Shimkus’ bill is aimed at augmenting the federal government’s authority to develop the long-planned and fiercely contested Yucca Mountain nuclear waste repository in Nevada. The measure has made it out of committee, but the schedule for a potential House floor vote was not known this week.
The West Lake Landfill language was added to the bill at the request of Rep. William Lacy Clay (D-Mo.), whose office did not respond to several requests for comment.
The EPA placed the 200-acre site on its National Priorities List in 1990, but has been criticized in more recent years for its management of remediation — with some lawmakers and others calling for the U.S. Army Corps of Engineers to take over the project.
The draft version of the EPA’s final feasibility study for West Lake lists a number of cleanup options: no action, cover and contain, as planned but not carried out under a 2008 EPA record of decision; extracting all radiologically contaminated material and disposing of it off-site; and two partial removal options.
“After EPA proposes a final remedy for the site, the agency will hold a public comment period before issuing an amendment to the 2008 Record of Decision (ROD), at which time the agency will notify congressional offices,” Washburn wrote.
EPA Administrator Scott Pruitt would have to sign the ROD amendment for any Superfund Site cleanup remedy costing $50 million or more. Apart from no action, the remedies listed in the draft final feasibility study all exceed that amount: cover and contain would be the least expensive at $67 million for capital construction, followed by the two partial excavation options at $313 million and $361 million, and the capital cost for complete remediation coming in at $616 million.
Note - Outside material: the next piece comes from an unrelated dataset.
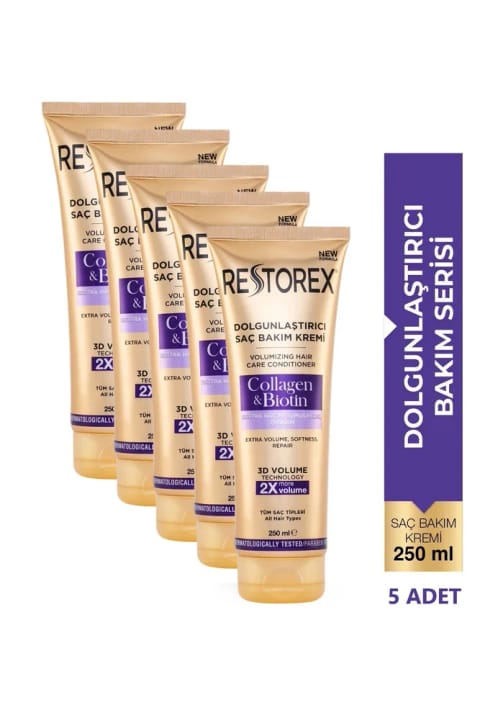 Restorex Collagen&Biotin حجمدهنده ماسک مو 5x250ml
Once the EPA selects its remedy, it would begin negotiations with the potentially responsible parties for West Lake on an enforceable deal to carry out the work. That would be followed by remedial design and remedial action.
The remedial design phase involves establishing the technical and engineering for the selected cleanup remedy. The action phase then involves carrying out that remedy.
Based on the selected remedy, the work is projected to take anywhere from 2.7 years to 13.4 years.